**TASK ITEM:** Give the listing again in full and exactly, apart from its pictures.
_ _ _ _ _ _ _
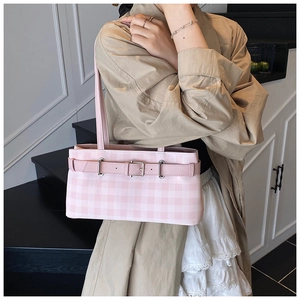 Pink and white checkered shoulder bag with stylish leather strap and silver buckle detail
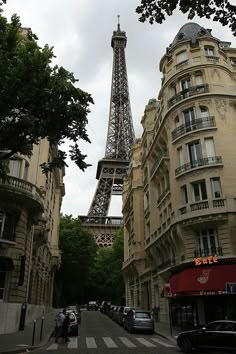 the eiffel tower towering over the city of paris, france as seen from an empty street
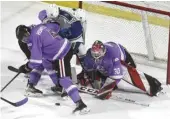  ?? ?? Warriors goaltender Jackson Unger keeps a close eye on the puck during a goalmouth scrum.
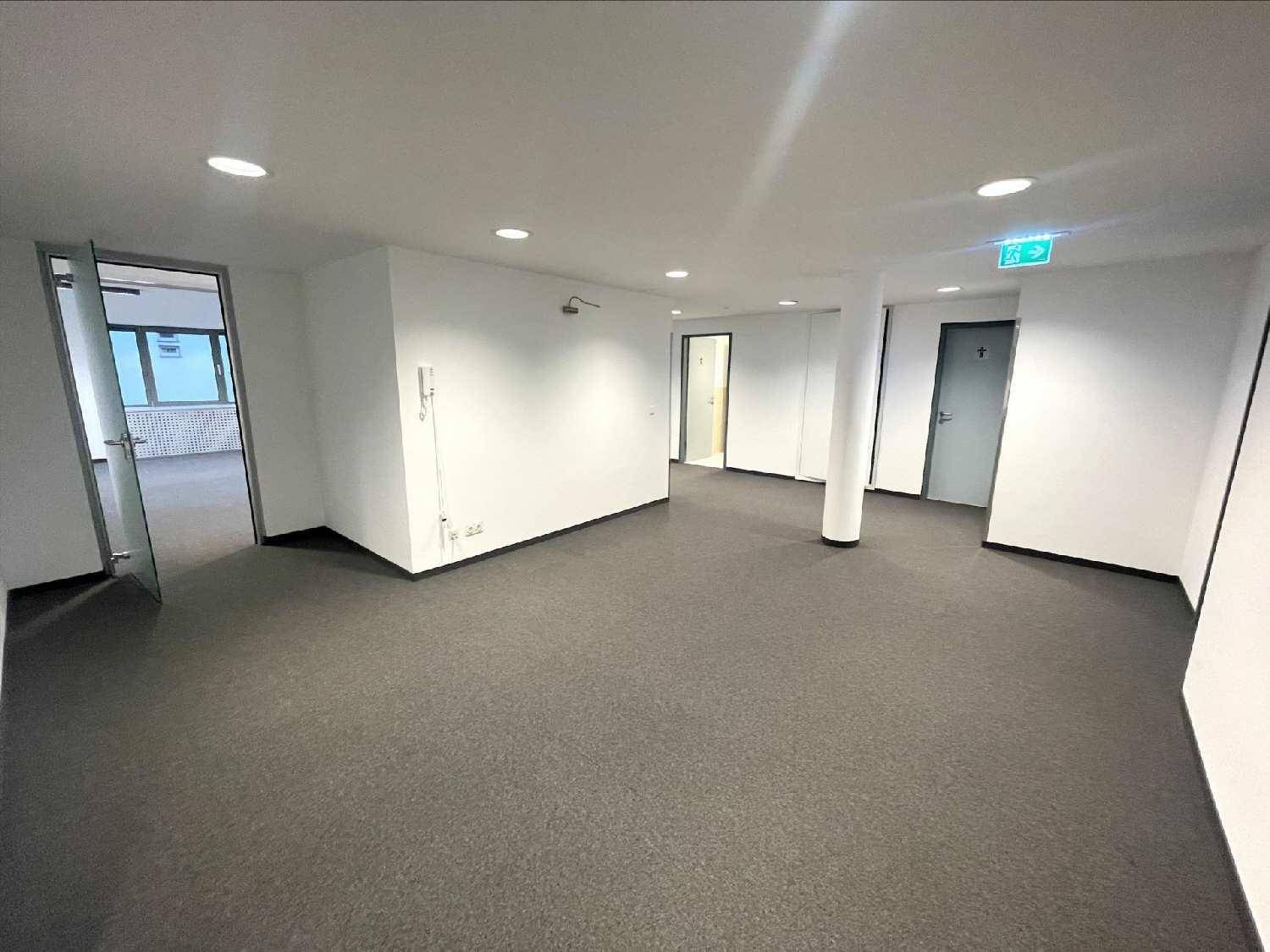Heller Bürobereich mit Teppichboden, weißen Wänden und mehreren Türen zu angrenzenden Räumen.
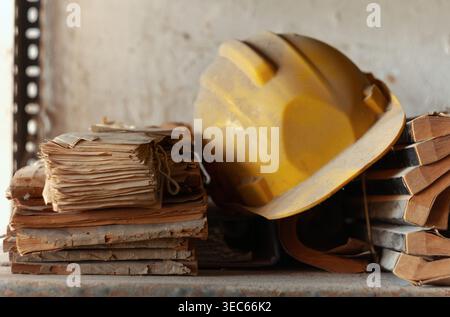 Worn yellow helmet on a rusty metal shelf, leaning against stacks of handwritten ledger books from the late 1980s in an abandoned space. Stock Photo
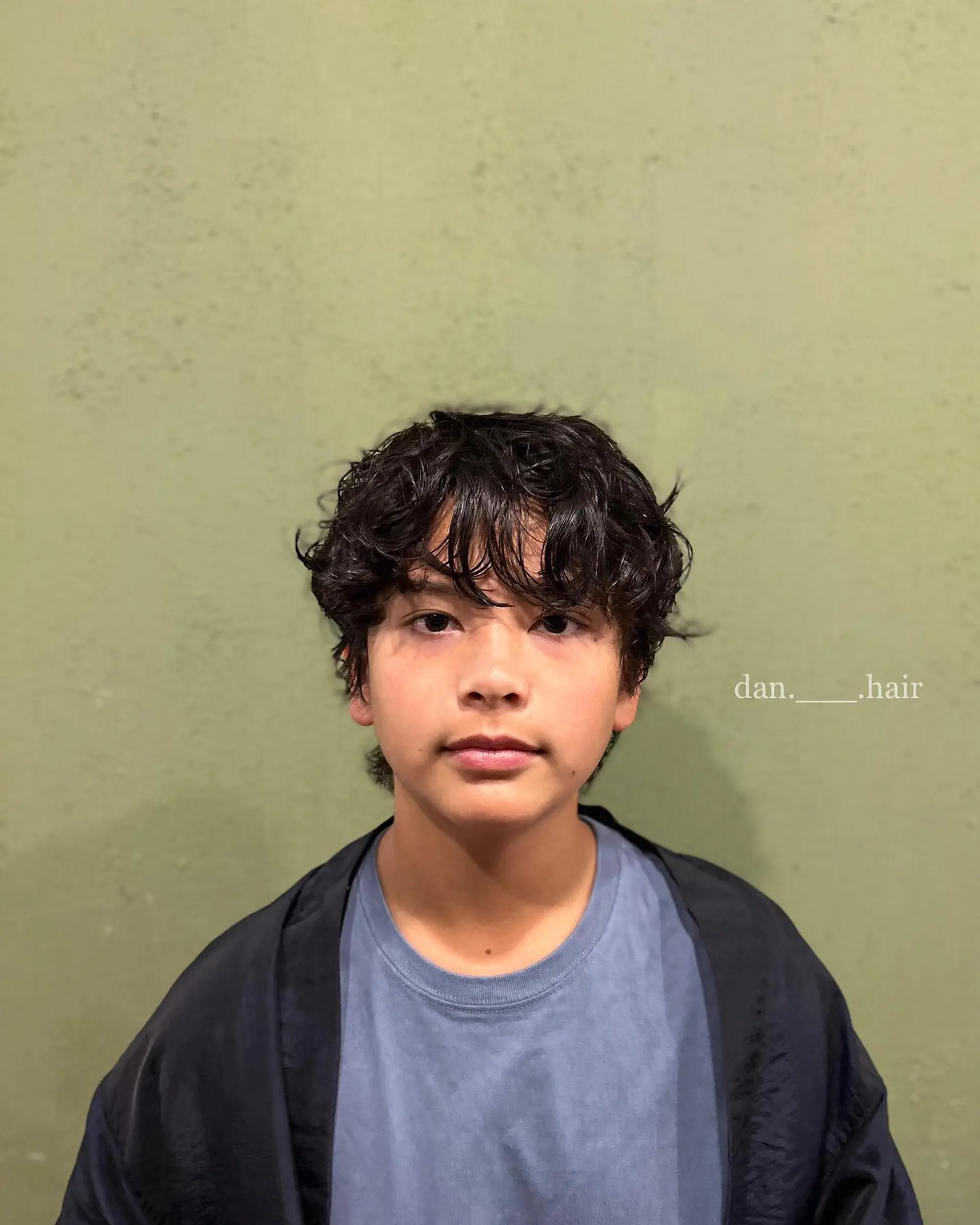 A textured short perm with loose, tousled waves and piecey bangs framing the forehead. 1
_ _ _ _ _ _ _
**OUTPUT OF THE TASK:**
 Pink and white checkered shoulder bag with stylish leather strap and silver buckle detail
 the eiffel tower towering over the city of paris, france as seen from an empty street
  ?? ?? Warriors goaltender Jackson Unger keeps a close eye on the puck during a goalmouth scrum.
Heller Bürobereich mit Teppichboden, weißen Wänden und mehreren Türen zu angrenzenden Räumen.
 Worn yellow helmet on a rusty metal shelf, leaning against stacks of handwritten ledger books from the late 1980s in an abandoned space. Stock Photo
 A textured short perm with loose, tousled waves and piecey bangs framing the forehead. 1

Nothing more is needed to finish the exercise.